3月、カタールで行われた体操・種目別ワールドカップドーハ大会床運動で銀メダルを獲得した南一輝(23=エムズスポーツクラブ)が28日、母校の仙台大を表敬訪問。南は、同大会決勝でH難度の新技「ミナミ」に成功。銀メダルと新技成功の2つのニュースを報告した。

演技開始早々に新技「ミナミ」を決めた。着地で少しよろめいたものの、しっかりとポーズを取り「よし、立った」。次にF難度の「シライ2(前方伸身宙返り3回ひねり)」を決めて波に乗った南は、以降も正確な演技を続け、14・200点をマーク、表彰台に立った。

村上遼青コーチ(23)の「大丈夫」に背中を押された。「ミナミ」を練習で初めて成功させたのは19年。大学2年の秋だったが、その後はけがなどの影響があり、「できて、できなくてがあった」。同大会前の練習でも全然成功させられず、ギリギリまで挑戦すべきかどうか悩んでいたが、村上コーチの一言で踏ん切りがついた。自信を持って挑戦し、見事成功。南は「1人だったらできていなかった。

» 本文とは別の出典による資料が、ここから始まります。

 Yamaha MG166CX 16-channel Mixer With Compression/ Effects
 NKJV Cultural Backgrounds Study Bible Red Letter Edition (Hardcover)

周りの支えや応援があって完成できた技だと思います」と感謝した。

今後は4月に全日本体操個人総合、5月NHK杯、6月に全日本体操種目別を控えている。これらの大会結果により9月に行われるアジア競技大会や世界選手権への出場が決まる。南はさらにその先のパリ五輪も見据えて、「技の難度で世界最高、きれいさでも世界最高が取れれば誰にも負けない選手になる。その部分をもっと磨いていきたい」と気合を入れた。「世界選手権で団体金メダルと種目別のゆかで金メダルを、パリ五輪でも金メダルを持って帰ってきて、またあいさつができれば」。見据える明るい未来へ、ゆかの上で「南一輝」を表現し続ける。【濱本神威】

◇H難度「ミナミ」 後方かかえ込み2回宙返り3回半ひねりの大技「リ・ジョンソン」に、さらに半分ひねりを加えたもの。南が競技会で初めて成功し、国際体操連盟から正式認定される見込み。